[SUPPLIED DATA]
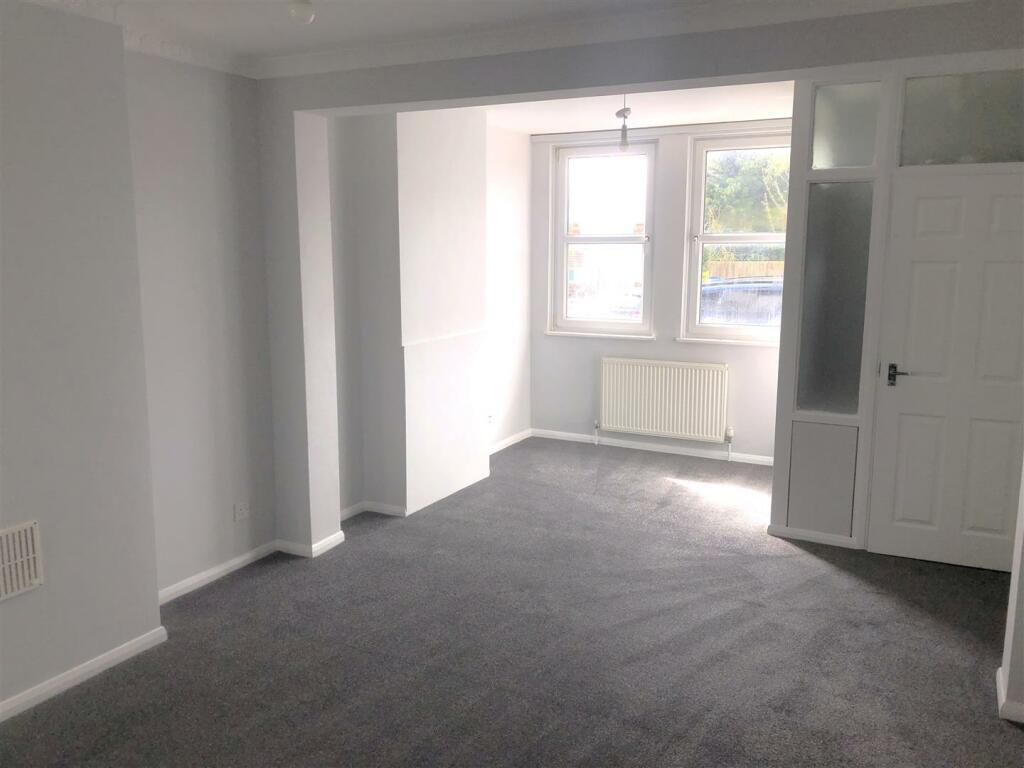 lounge.jpg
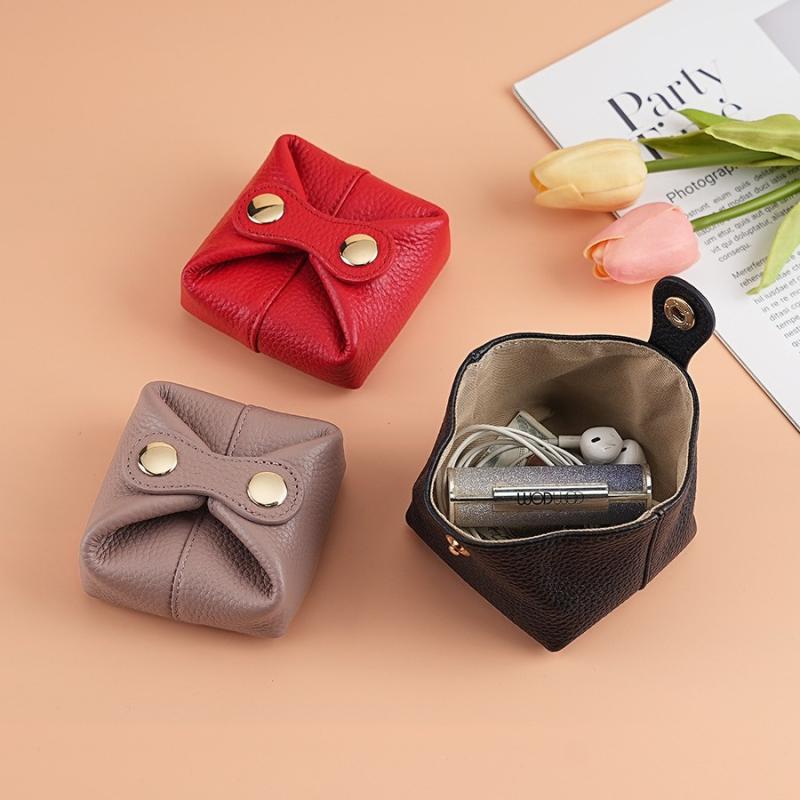 ミニポーチ 女性用 かわいい 柔らかい 牛革 本革 コインケース イヤホンケース 鍵 リップケース 口紅収納 小物入れ 耐摩耗 普段使い 無地 シンプル おしゃれ ブラック ピンク レッド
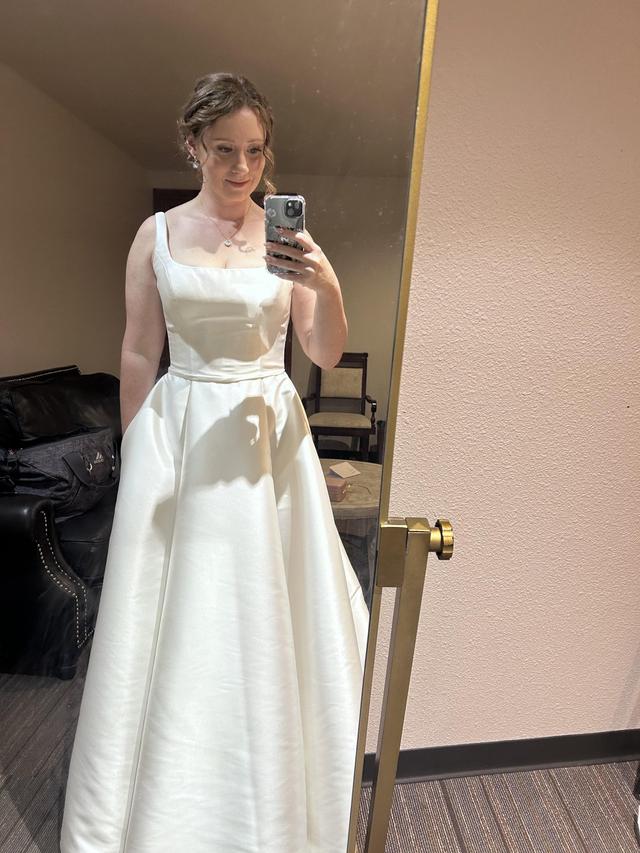 Lady Liz Bridal Alterations & Custom Designs - 2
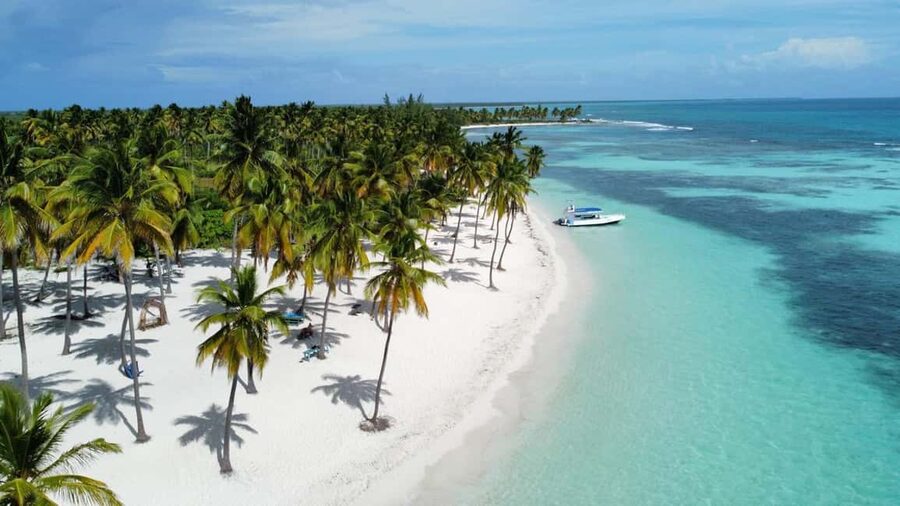 From La Romana: Saona Island for Aida Cruises Passengers - Meeting your transfer at La Romana port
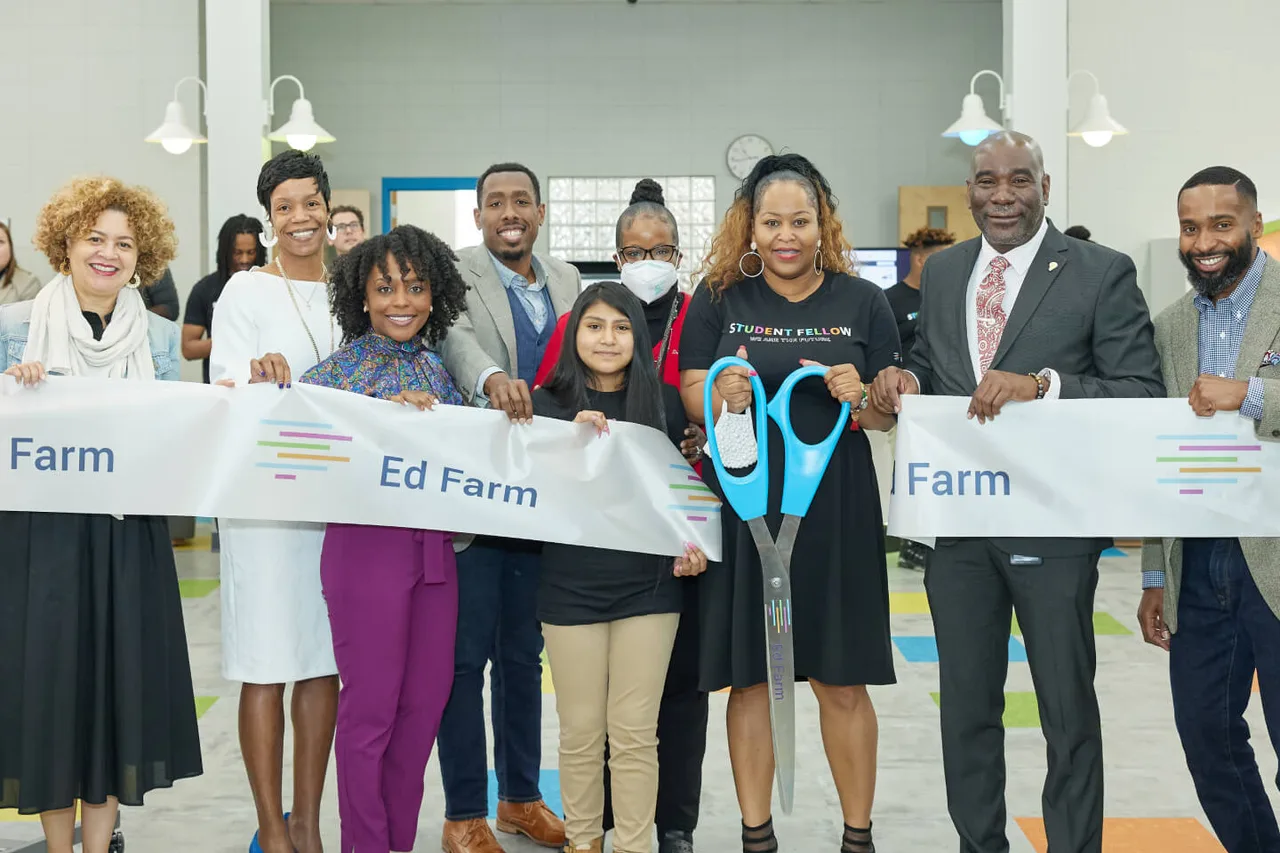 Birmingham City Schools and Ed Farm Launch Alabama's First K-8 Library STEM Renovation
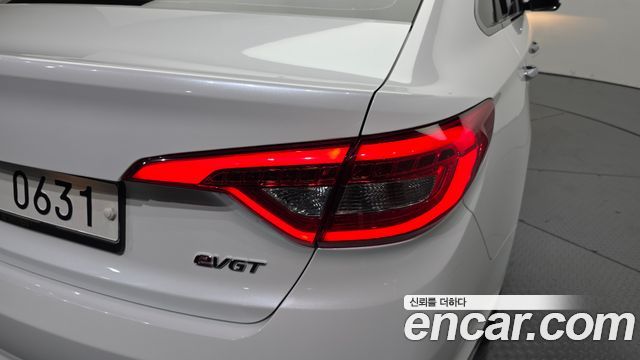 Hyundai Sonata 2016 — photo 9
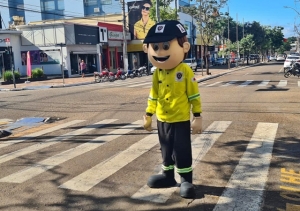 SESTRAN COLOCOU MASCOTE NAS RUAS NESTE SÁBADO (16)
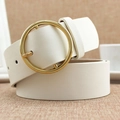 Ceinture chic en cuir PU blanc pour femme avec grande boucle ronde en métal doré poli - Blanc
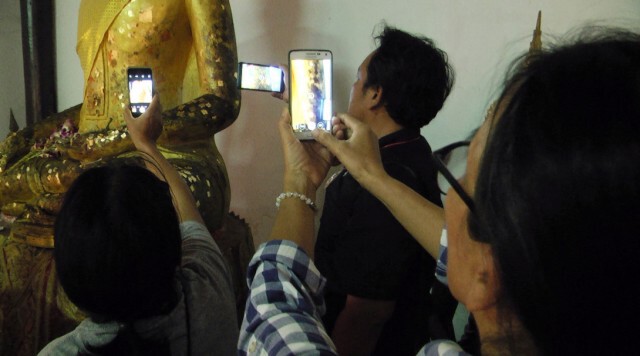 ชาวสุพรรณบุรีรวมตัวกันโดยมิได้นัดหมาย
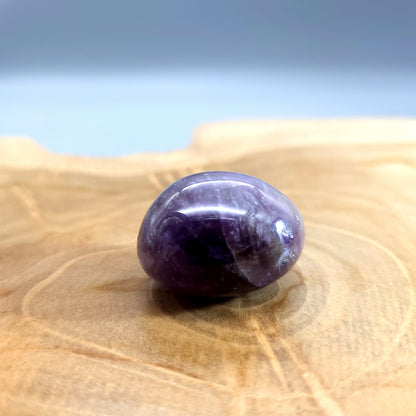 AMÉTHYSTE EN PETITES PIERRES POLIES ET BRUTES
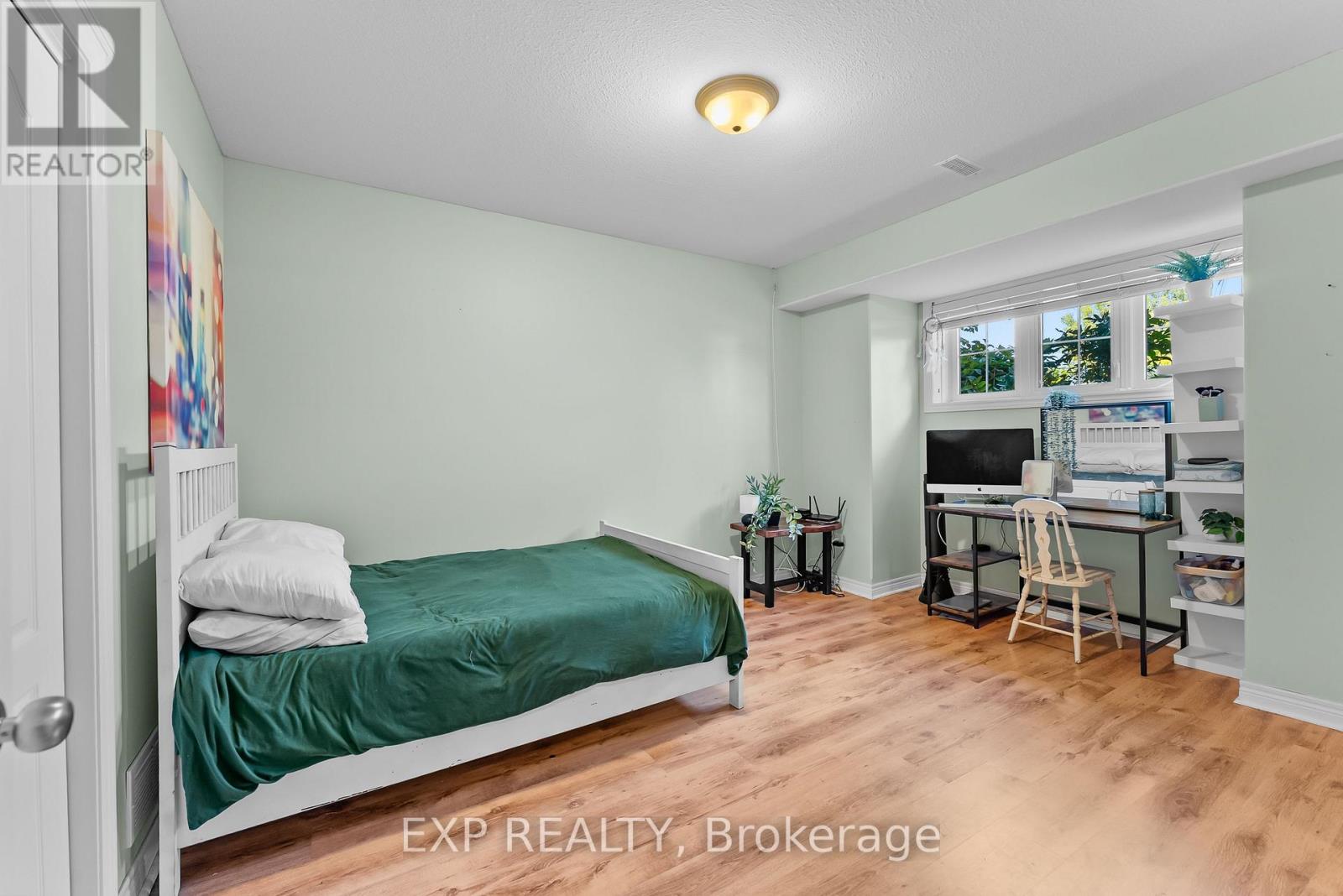 8 Lindan Street, West Lincoln, Ontario  L0R 2A0 - Photo 24 - X12451184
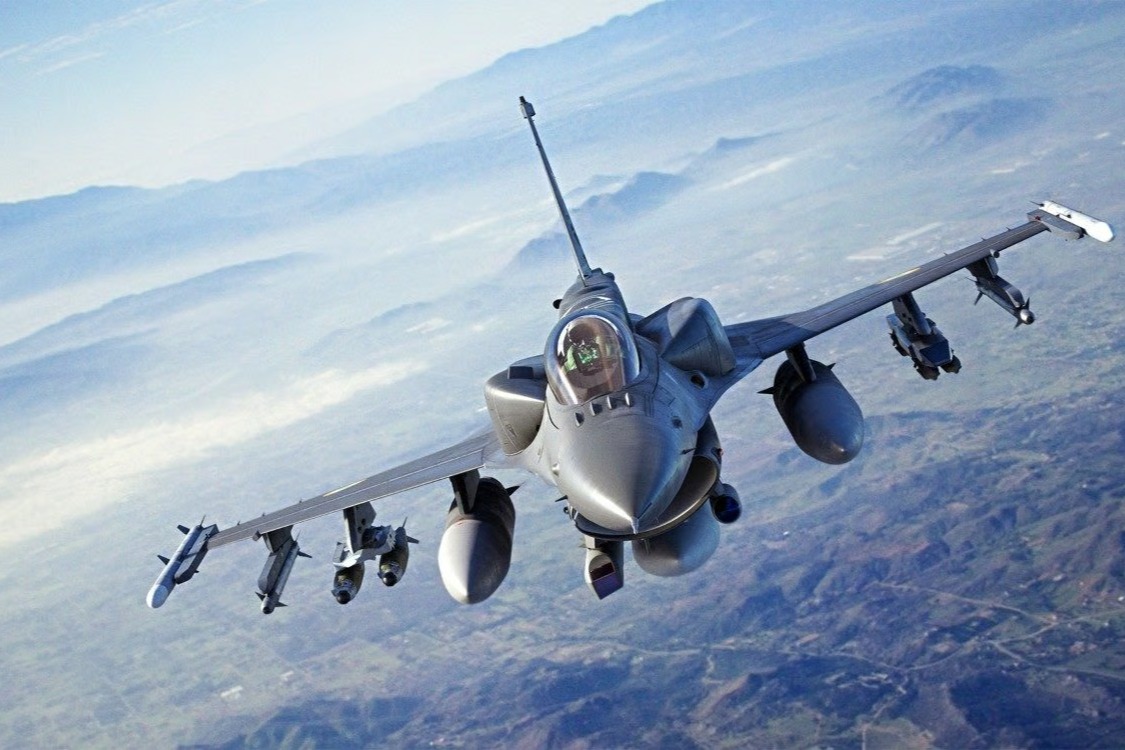 US, China Jets Faced Off Over Yellow Sea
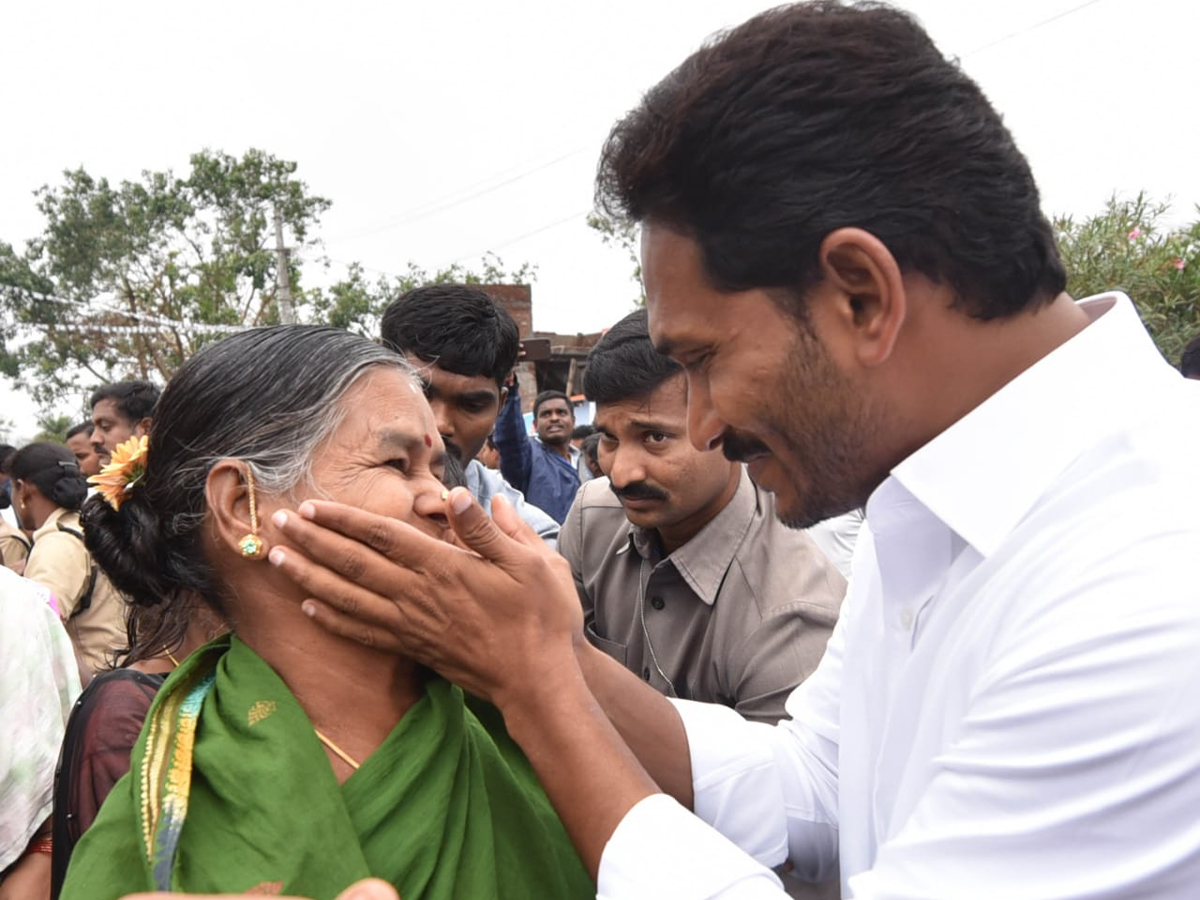 YS Jagan PrajaSankalpaYatra Day 324th Photo Gallery - Sakshi5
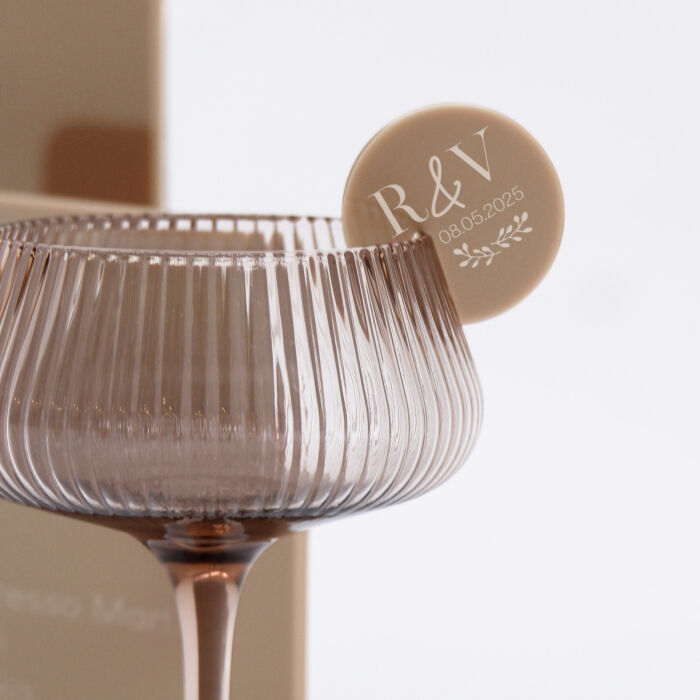 Marque-verre personnalisé initiales mariés acrylique beige 40x40 - Bohème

[INSTRUCTIONS FOR THE TASK] The whole listing above, line by line, needs to be copied exactly, except for any images.

[EXERCISE RESPONSE]
 lounge.jpg
 ミニポーチ 女性用 かわいい 柔らかい 牛革 本革 コインケース イヤホンケース 鍵 リップケース 口紅収納 小物入れ 耐摩耗 普段使い 無地 シンプル おしゃれ ブラック ピンク レッド
 Lady Liz Bridal Alterations & Custom Designs - 2
 From La Romana: Saona Island for Aida Cruises Passengers - Meeting your transfer at La Romana port
 Birmingham City Schools and Ed Farm Launch Alabama's First K-8 Library STEM Renovation
 Hyundai Sonata 2016 — photo 9
 SESTRAN COLOCOU MASCOTE NAS RUAS NESTE SÁBADO (16)
 Ceinture chic en cuir PU blanc pour femme avec grande boucle ronde en métal doré poli - Blanc
 ชาวสุพรรณบุรีรวมตัวกันโดยมิได้นัดหมาย
 AMÉTHYSTE EN PETITES PIERRES POLIES ET BRUTES
 8 Lindan Street, West Lincoln, Ontario  L0R 2A0 - Photo 24 - X12451184
 US, China Jets Faced Off Over Yellow Sea
 YS Jagan PrajaSankalpaYatra Day 324th Photo Gallery - Sakshi5
 Marque-verre personnalisé initiales mariés acrylique beige 40x40 - Bohème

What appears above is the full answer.